Manusia diberi tugas untuk menjadi khalifah, bertugas sebagai badan perwalian yang amanah mengelola rezeki yang telah dianugerahkan Allah (trustee concept) (QS 7:32). - Segalanya diciptakan di muka bumi untuk manusia dan dilarang mengharamkan yang halal.
QS 2:29 "Dia-lah Allah, yang menjadikan segala yang ada di bumi untuk kamu ..." ,
QS 31:20 "Tidakkah kamu perhatikan sesungguhnya Allah telah menundukkan untuk (kepentingan)mu apa yang di langit dan apa yang di bumi ..." ,
QS 5:87-88 " Hai orang-orang yang beriman, janganlah kamu haramkan apa-apa yang baik yang telah Allah halalkan bagi kamu ... ". - Harta yang baik adalah apabila ia berada di tangan orang yang baik.

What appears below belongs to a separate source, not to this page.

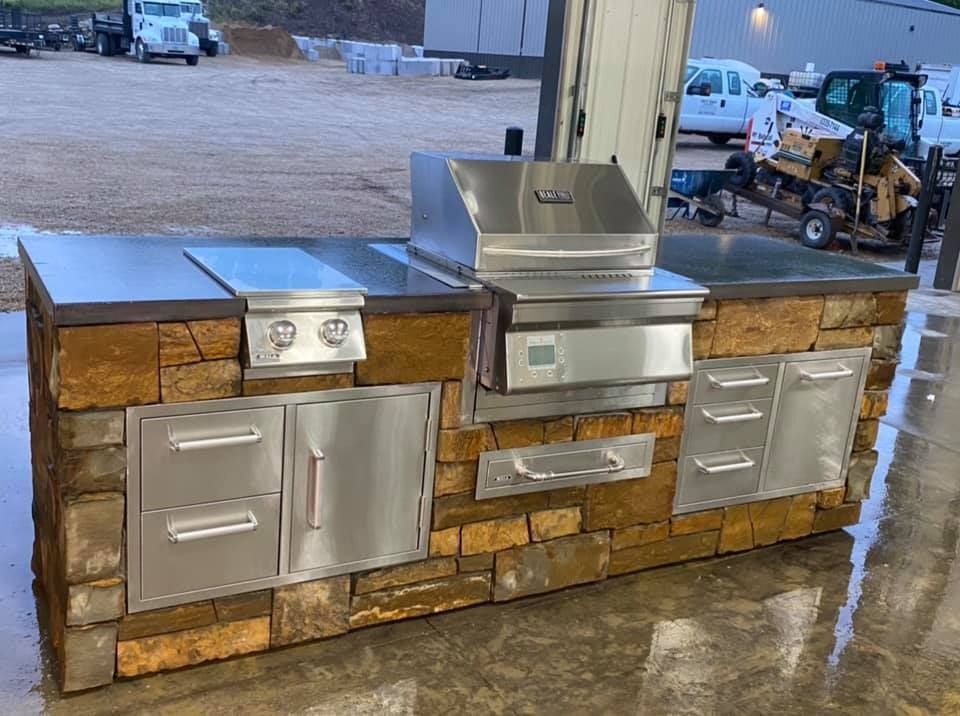 A large outdoor kitchen with stainless steel appliances and brick walls.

Salah satu anugerah yang diberikan Allah kepada manusia adalah harta. Namun, harta sangat berpotensi dalam menimbulkan fitnah, sebagaimana diterangkan Allah dalam QS At-Taghabun 15: "Sesungguhnya harta-harta dan anak-anakmu adalah fitnah (cobaan bagimu); dan pada sisi Allah-lah pahala yang besar". Dalam hal ini ada dua jenis fitnah yang bertolak belakang tergantung bagaimana pengelolaan harta tsb: ia dapat menjadi asset (fitnah yang baik) apabila harta mampu dikelola secara profesional atau menjadi liabilitas (fitnah yang buruk) apabila kita tidak mampu mengelolanya secara proporsional (serakah, kikir, boros, dll). - Mencari rezeki adalah wajib dan bernilai ibadah
QS 62:10 " ... dan carilah karunia Allah dan ingatlah Allah banyak-banyak supaya kamu beruntung". Hadits: "Apabila kau tahu esok hari akan tiba kiamat, sementara di tanganmu ada sebiji benih tanaman, maka tanamlah benih itu, karena dengan demikian ia akan mendapatkan pahala.." (HR Anas r.a)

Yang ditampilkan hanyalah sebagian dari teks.